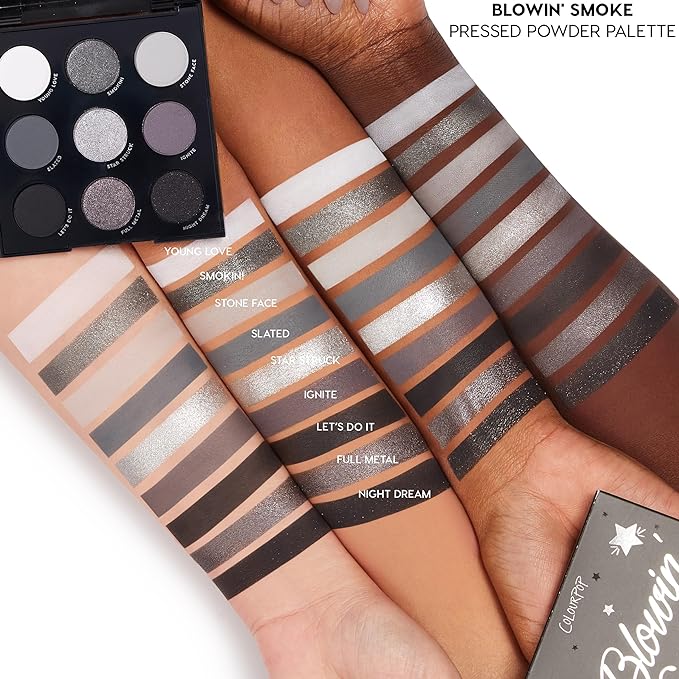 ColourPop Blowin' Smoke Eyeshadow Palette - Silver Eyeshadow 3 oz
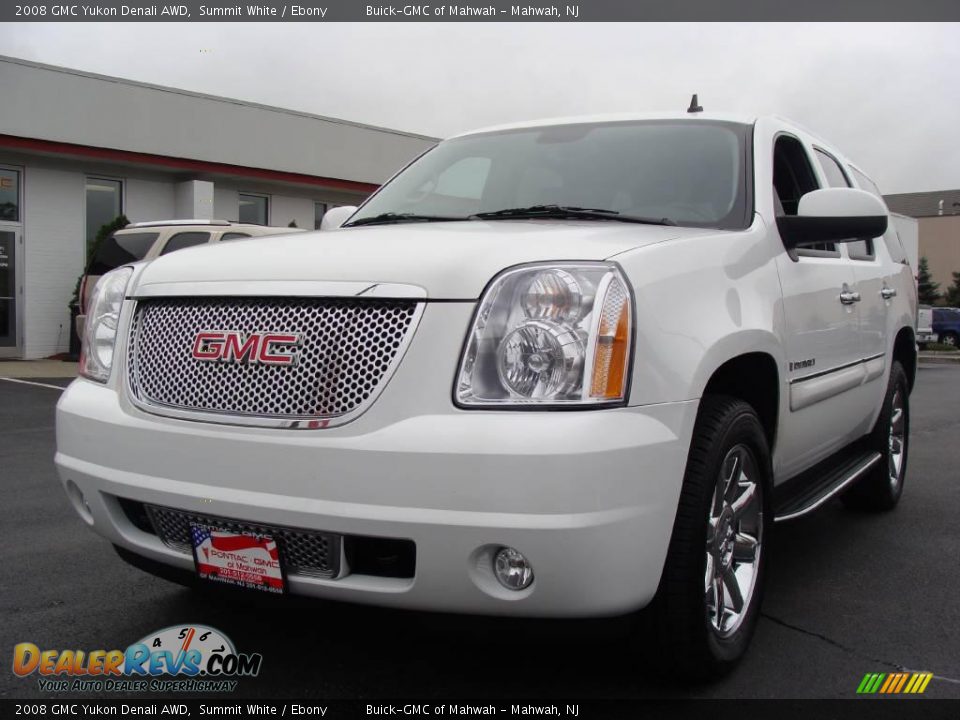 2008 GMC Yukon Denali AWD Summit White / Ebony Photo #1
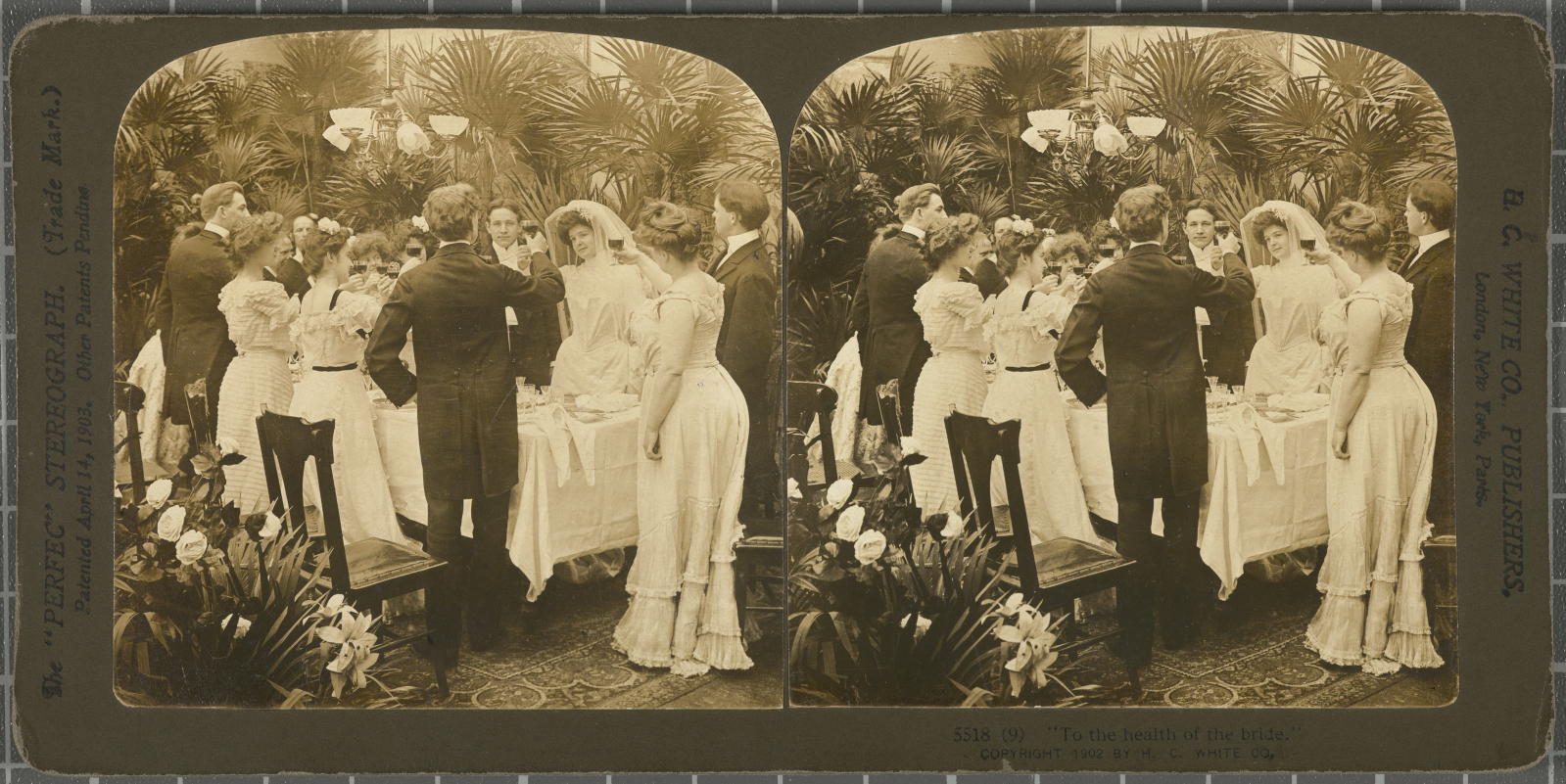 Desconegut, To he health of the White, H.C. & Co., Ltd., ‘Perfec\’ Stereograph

## WHAT YOU NEED TO DO
All of the material goes into the answer exactly as it stands, except for the pictures.

## TASK RESULT
 ColourPop Blowin' Smoke Eyeshadow Palette - Silver Eyeshadow 3 oz
 2008 GMC Yukon Denali AWD Summit White / Ebony Photo #1
 Desconegut, To he health of the White, H.C. & Co., Ltd., ‘Perfec\’ Stereograph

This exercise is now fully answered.